TASK TO CARRY OUT:
Copy the data that follows exactly. Include no pictures.

COLLECTED MATERIAL:
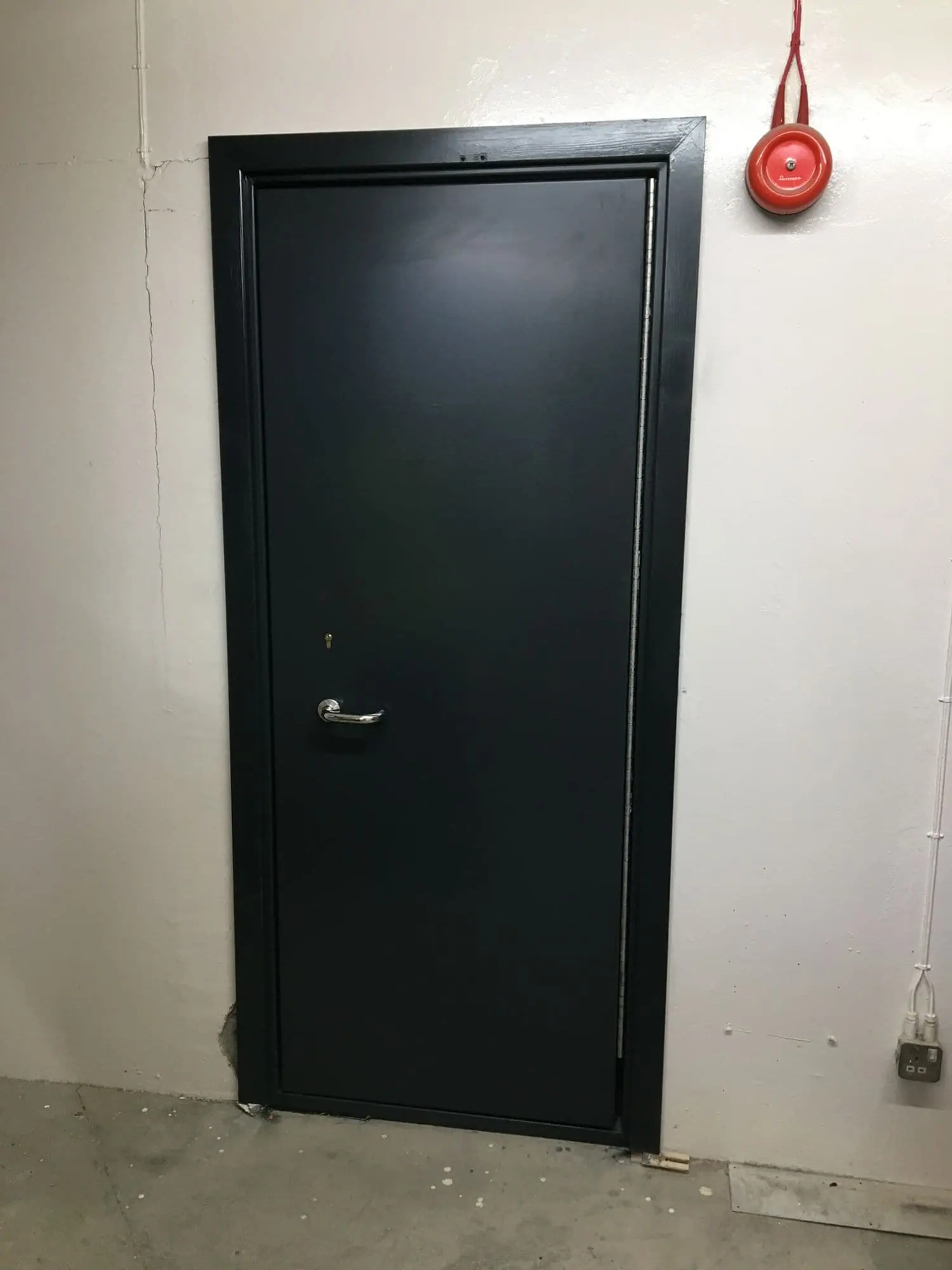 Single dark grey steel door with chrome lever handle and keyhole fitted in a plant room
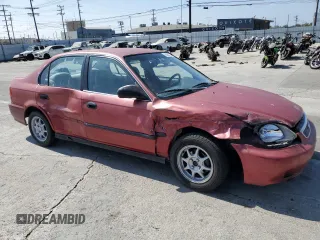 1999 Honda Civic LX with VIN 1HGEJ6670XL002593, listed as a Copart auction lot 68564474 with 255,621 mi miles and Salvage Title. Bid and sale history available at carsss.com. Image 4.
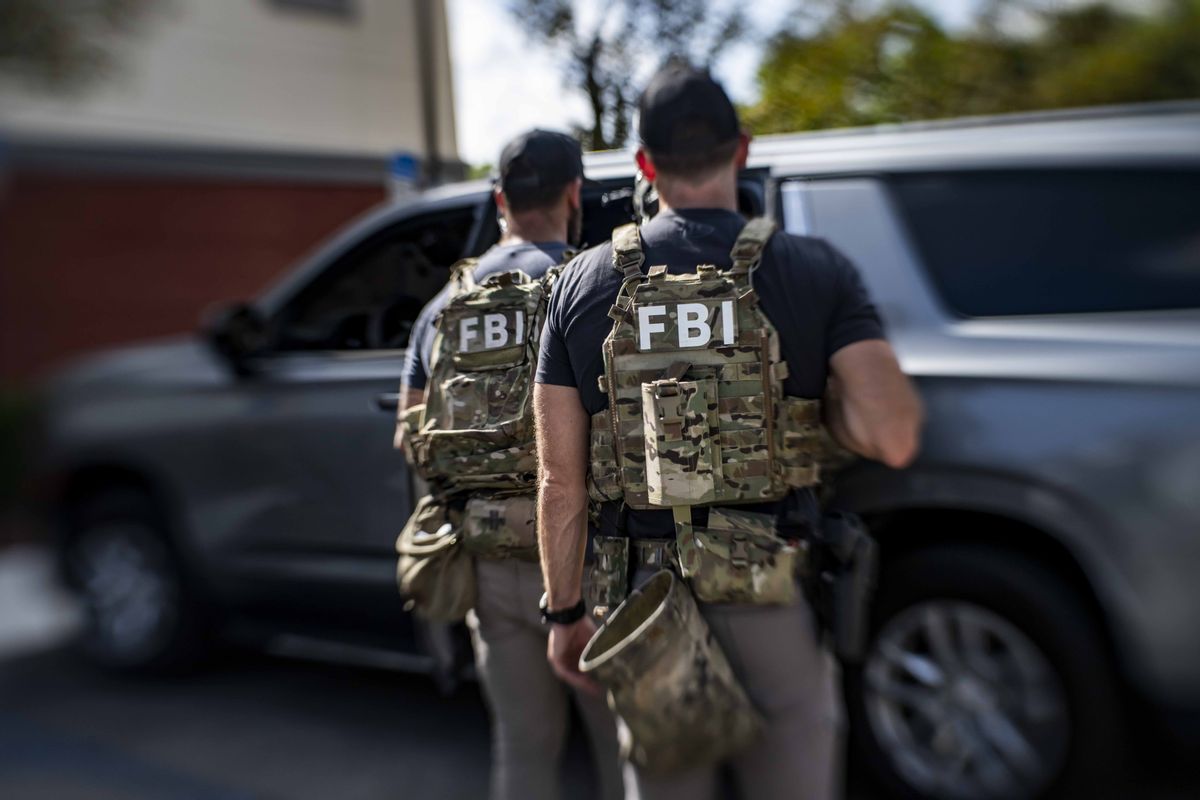 Two FBI agents wearing bulletproof vests walk away from the camera.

TASK RESULT:
 Single dark grey steel door with chrome lever handle and keyhole fitted in a plant room
 1999 Honda Civic LX with VIN 1HGEJ6670XL002593, listed as a Copart auction lot 68564474 with 255,621 mi miles and Salvage Title. Bid and sale history available at carsss.com. Image 4.
 Two FBI agents wearing bulletproof vests walk away from the camera.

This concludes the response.